* **ENTRIES SUPPLIED**:
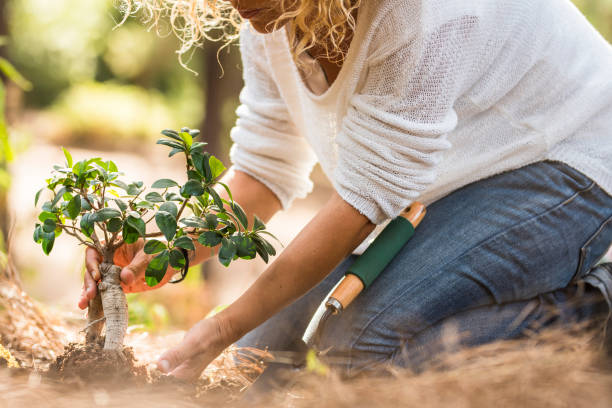 la dame adulte plante un nouvel arbre sur le sol dans la forêt - pas de déforestation et sauver le concept de planète - l’environnement et le travail de jardinage pour les personnes qui aiment la nature et le monde - lone tree photos et images de collection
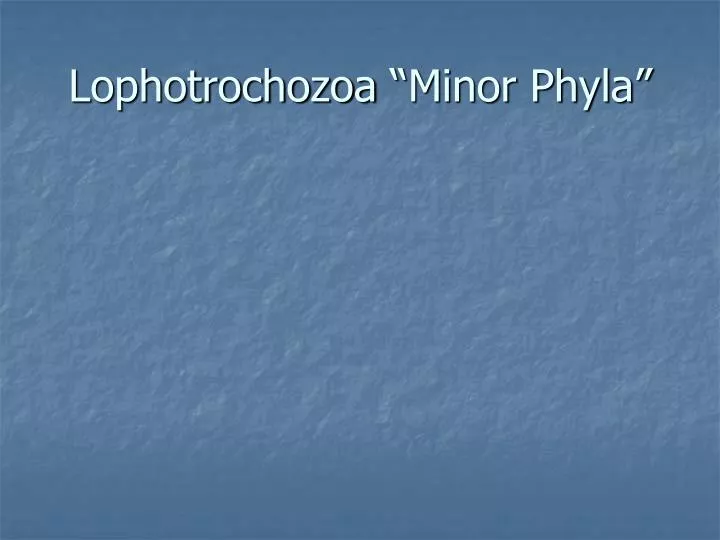lophotrochozoa minor phyla
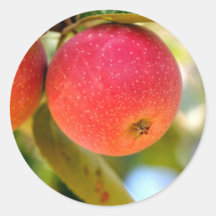 Summer Apples Round Stickers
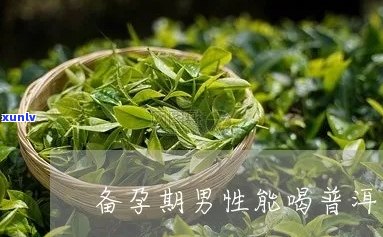 男士备孕期间可以喝普洱茶吗？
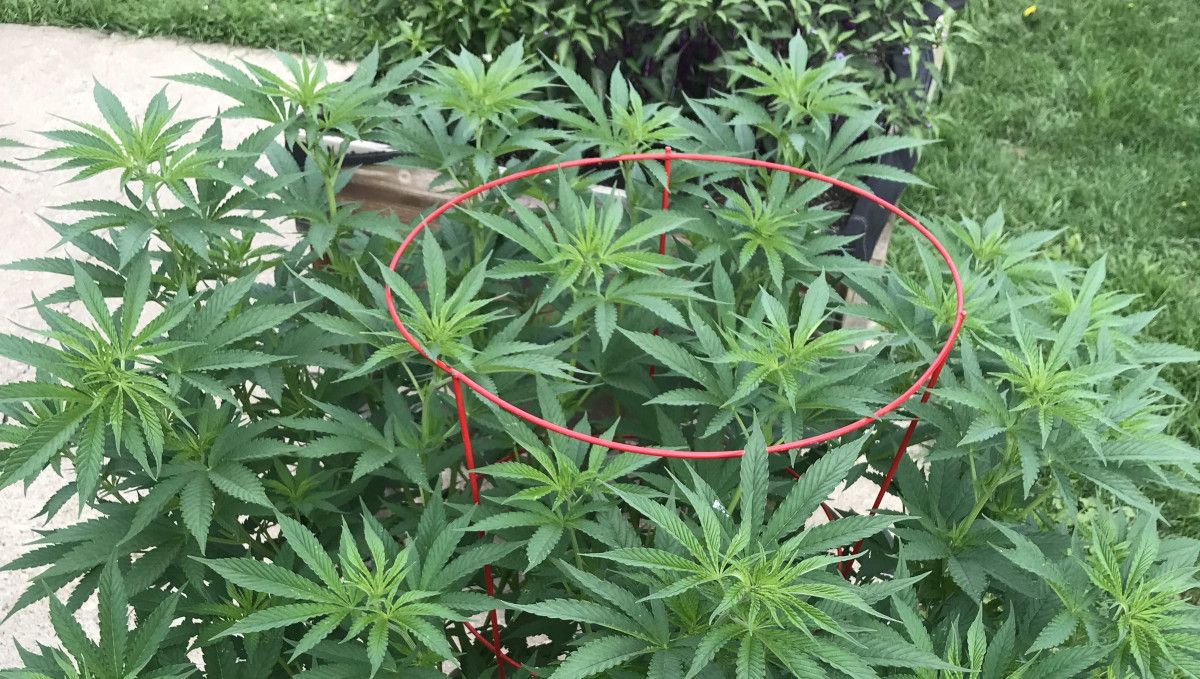 Gorilla Cookies FF cannabis strain: transition (pre-flower) | an outdoor plant with a flat multi-branch canopy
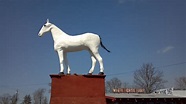 Hidden New Jersey: Trotting along the White Horse Pike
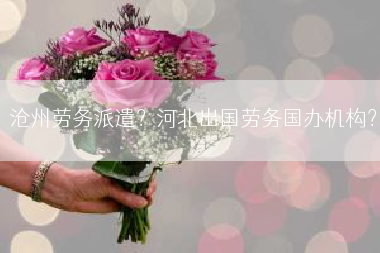 沧州劳务派遣？河北出国劳务国办机构？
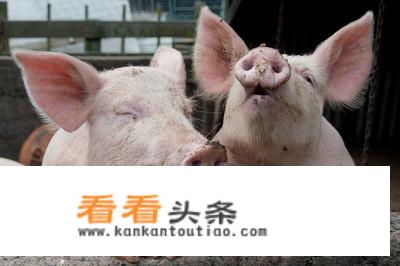 养猪行业的现状和发展前景？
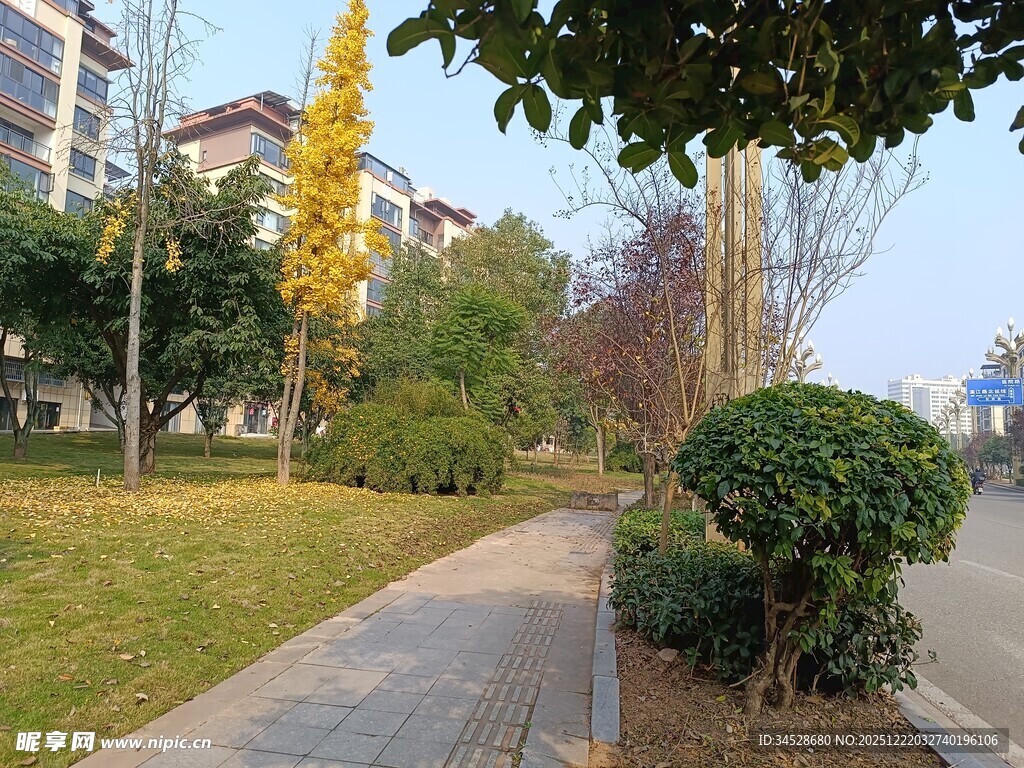 秋日小区静谧的林荫小道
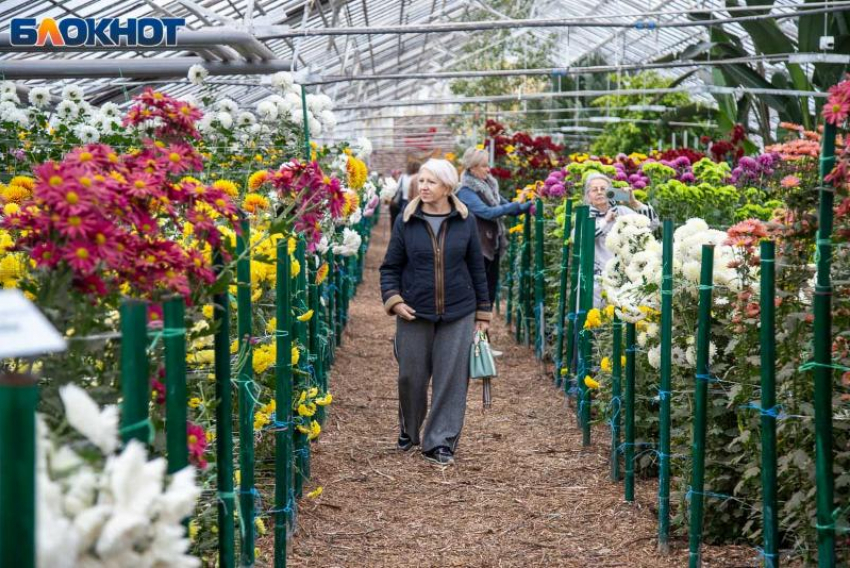 Цветущий рекорд и глобальная перезагрузка: Волжский ботсад ставит исторические максимумы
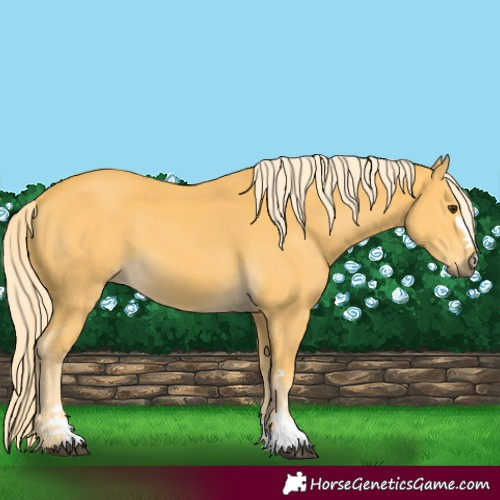 Horse Color:Palomino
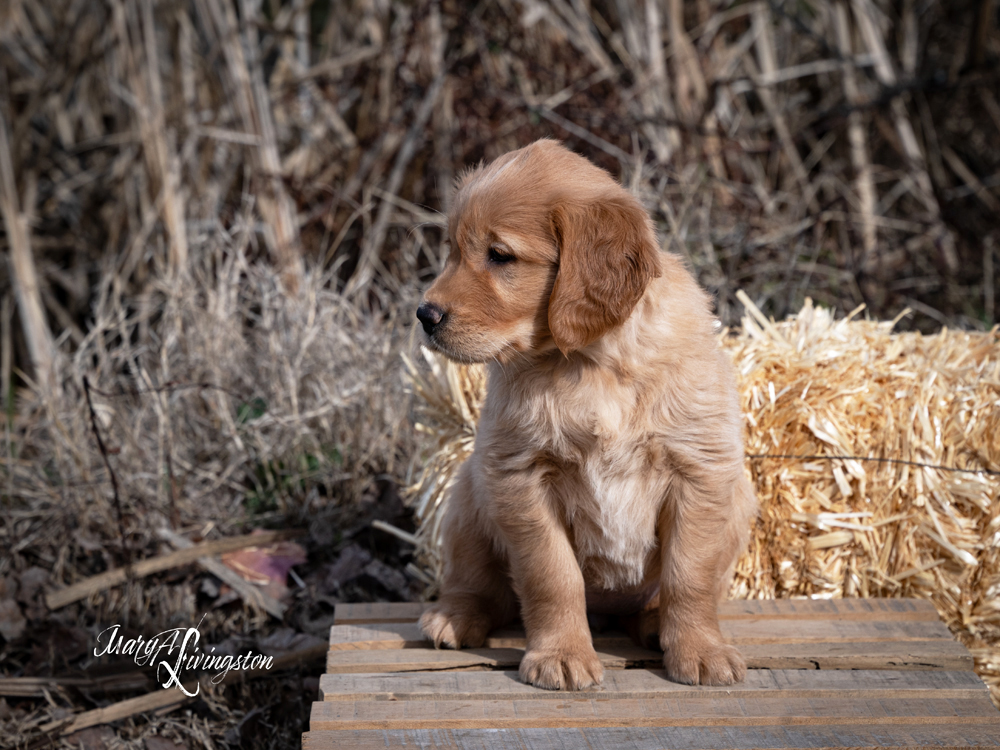 Puppy known as Two Step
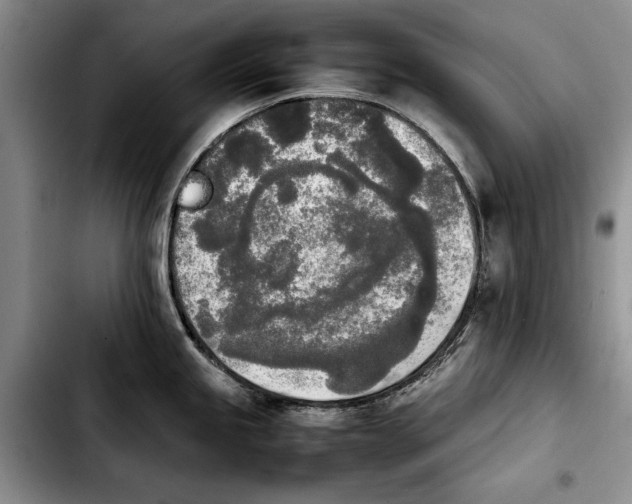 X0000103901245200810101238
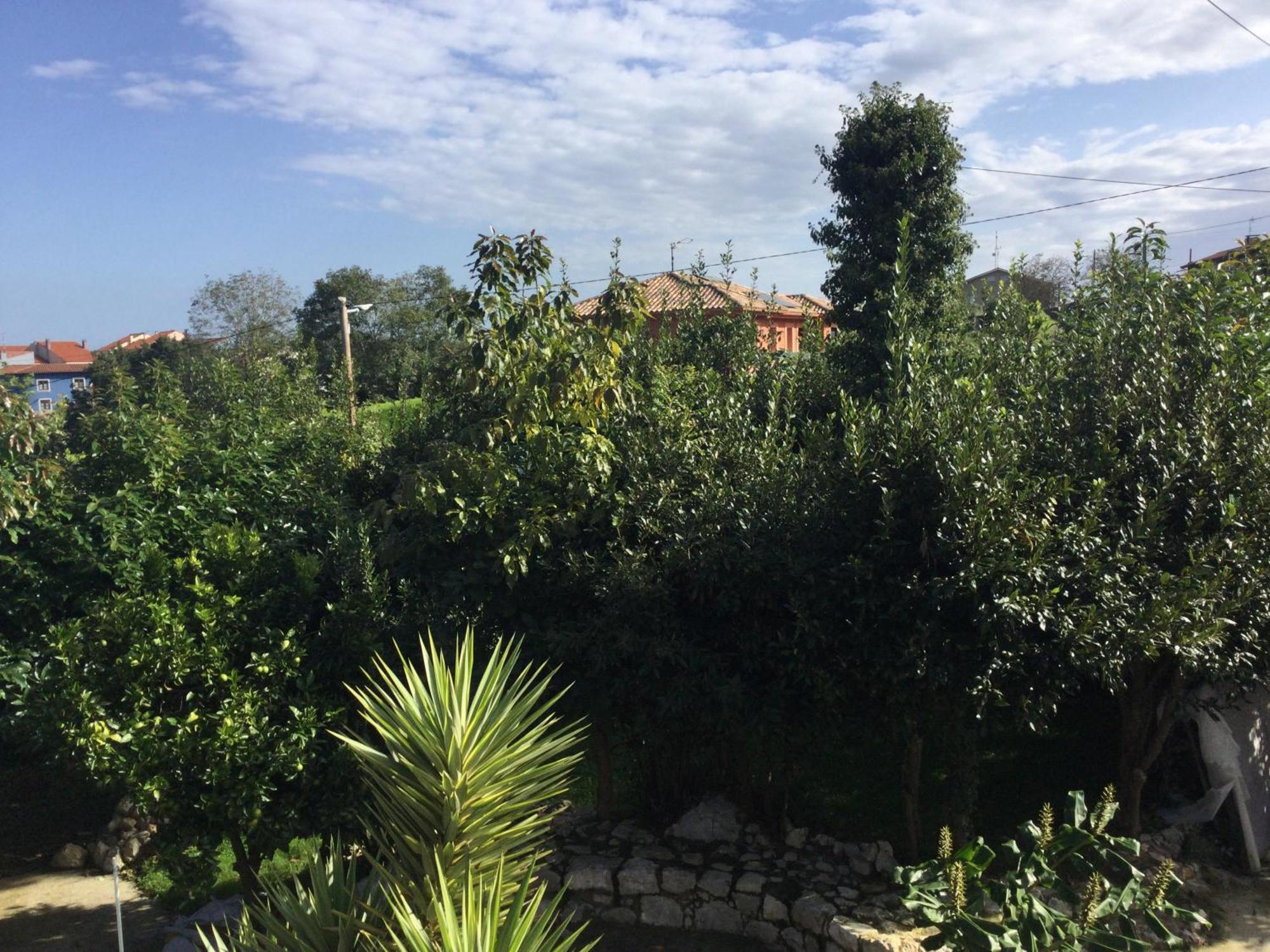 Casa Jardin Rocablanca Llanes Villa Celorio  Ngoại thất bức ảnh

* **WORK REQUIRED**:
Starting at the line with "Hidden New Jersey: Trotting" and stopping at the final line of the material, reproduce each line exactly, both ends included. Leave the pictures out.

* **OUTPUT BELOW**:
 Hidden New Jersey: Trotting along the White Horse Pike
 沧州劳务派遣？河北出国劳务国办机构？
 养猪行业的现状和发展前景？
 秋日小区静谧的林荫小道
 Цветущий рекорд и глобальная перезагрузка: Волжский ботсад ставит исторические максимумы
 Horse Color:Palomino
 Puppy known as Two Step
 X0000103901245200810101238
 Casa Jardin Rocablanca Llanes Villa Celorio  Ngoại thất bức ảnh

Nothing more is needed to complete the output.